==== Task input ====
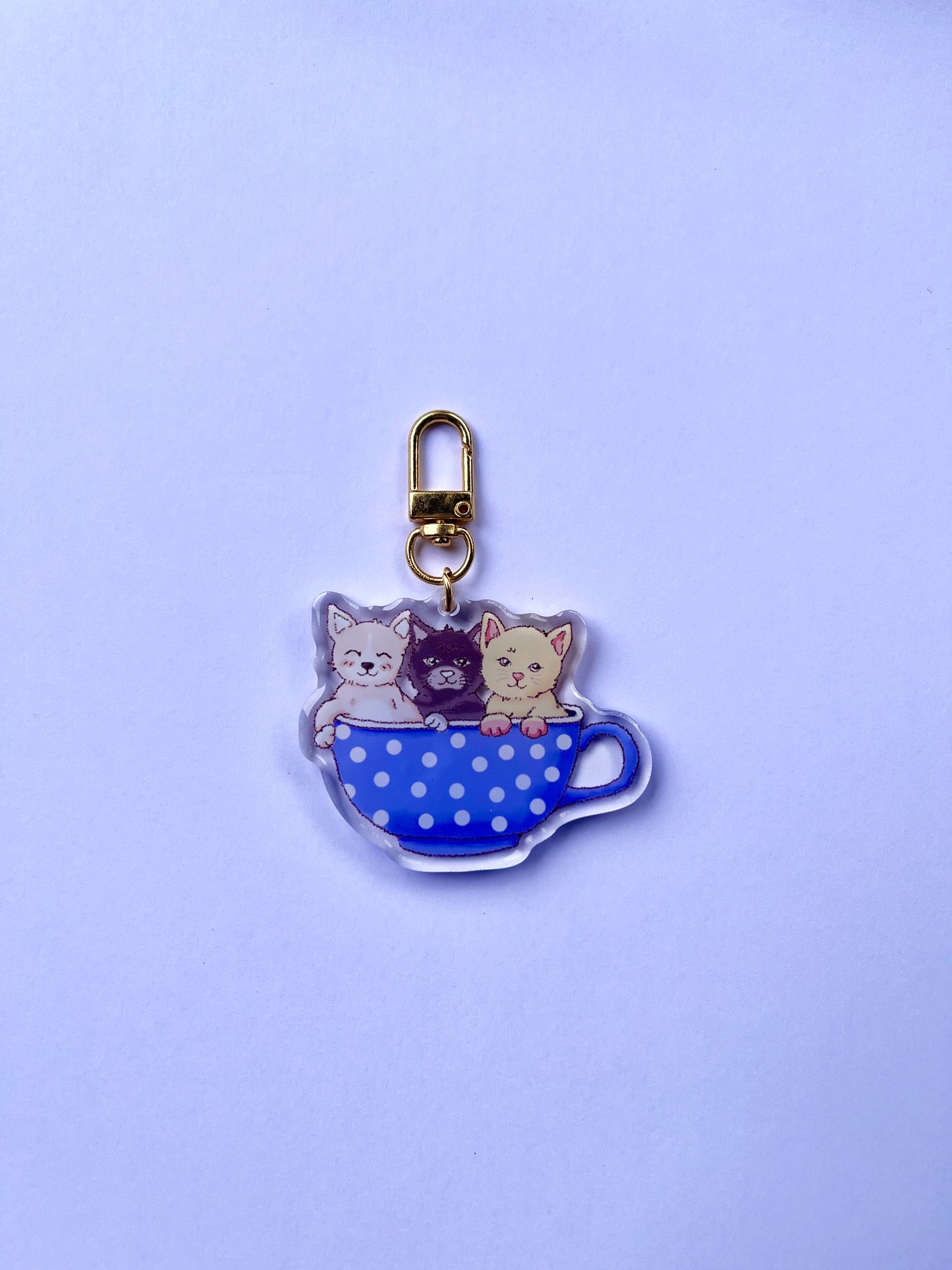 THREE KITTIES IN A TEA CUP
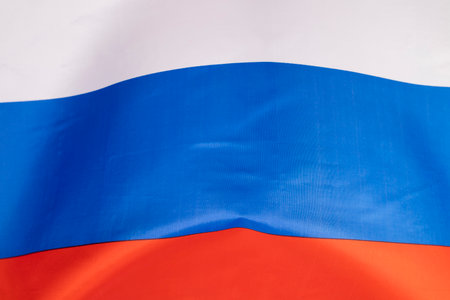 Waving colorful national flag of russia. Russian-Ukrainian conflict conceptの写真素材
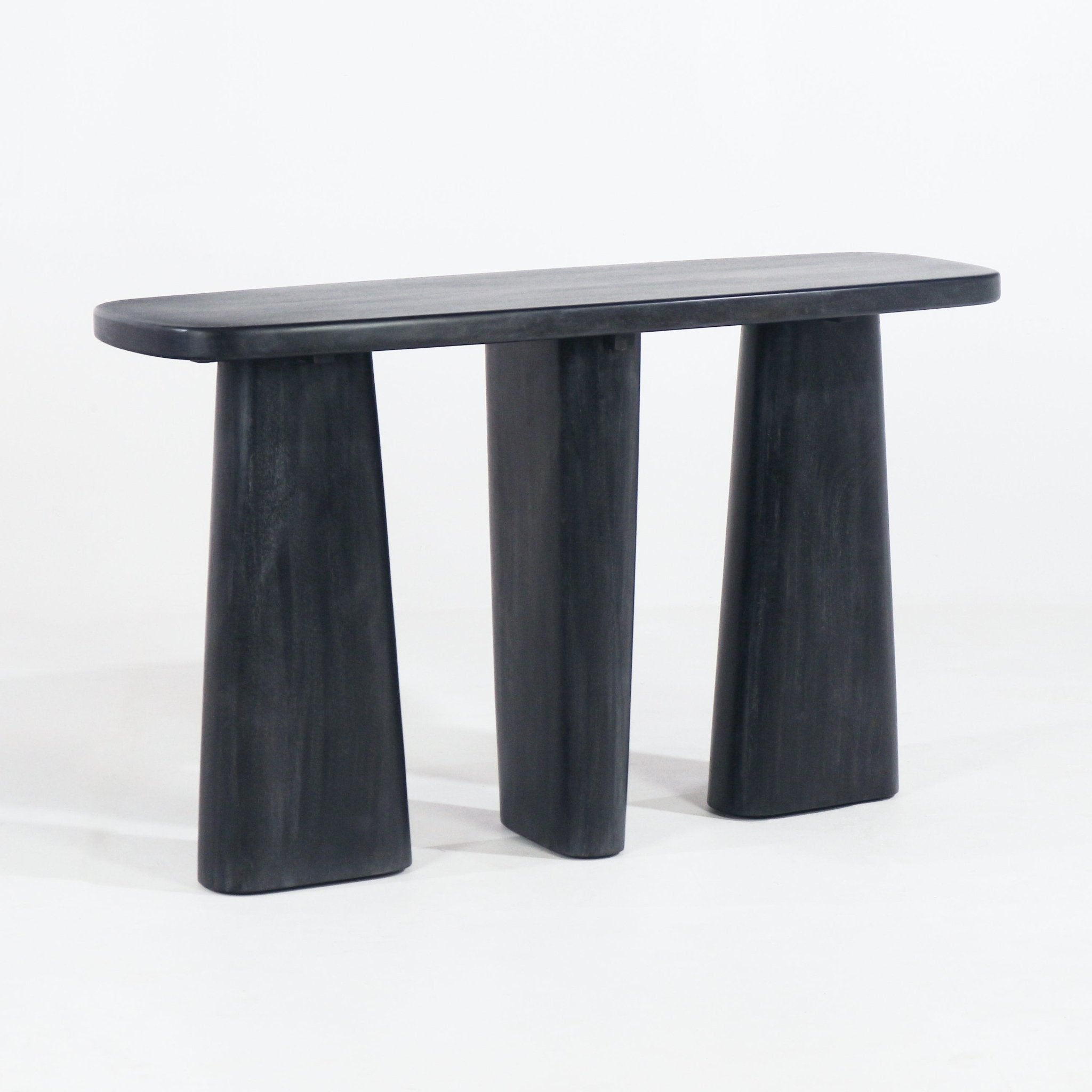 Smoked-black solid wood console table with a rounded rectangular top and three thick tapered slab legs, showcasing a modern minimalist silhouette against a white background.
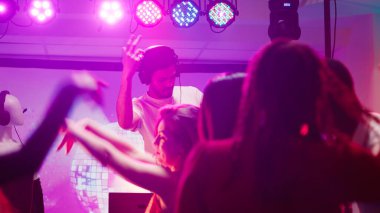 Erkek DJ kulüpte insanlarla parti yapıyor, diskotekte eğlenceli parti atmosferi yaratmak için ses istasyonunda müzik karıştırıyor. Genç adam dans ediyor ve arkadaşlarıyla zıplıyor, dans pistinde eğleniyor..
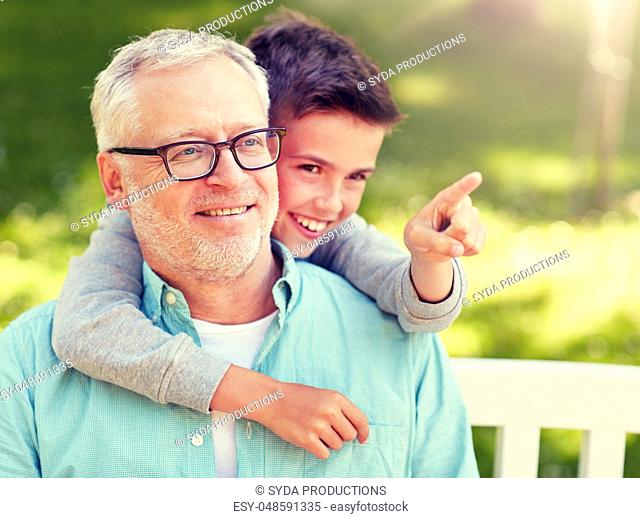 grandfather and boy pointing finger at summer park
====
Transcribe all the data word for word; the images stay out.

Task answer ->
 THREE KITTIES IN A TEA CUP
 Waving colorful national flag of russia. Russian-Ukrainian conflict conceptの写真素材
 Smoked-black solid wood console table with a rounded rectangular top and three thick tapered slab legs, showcasing a modern minimalist silhouette against a white background.
 Erkek DJ kulüpte insanlarla parti yapıyor, diskotekte eğlenceli parti atmosferi yaratmak için ses istasyonunda müzik karıştırıyor. Genç adam dans ediyor ve arkadaşlarıyla zıplıyor, dans pistinde eğleniyor..
 grandfather and boy pointing finger at summer park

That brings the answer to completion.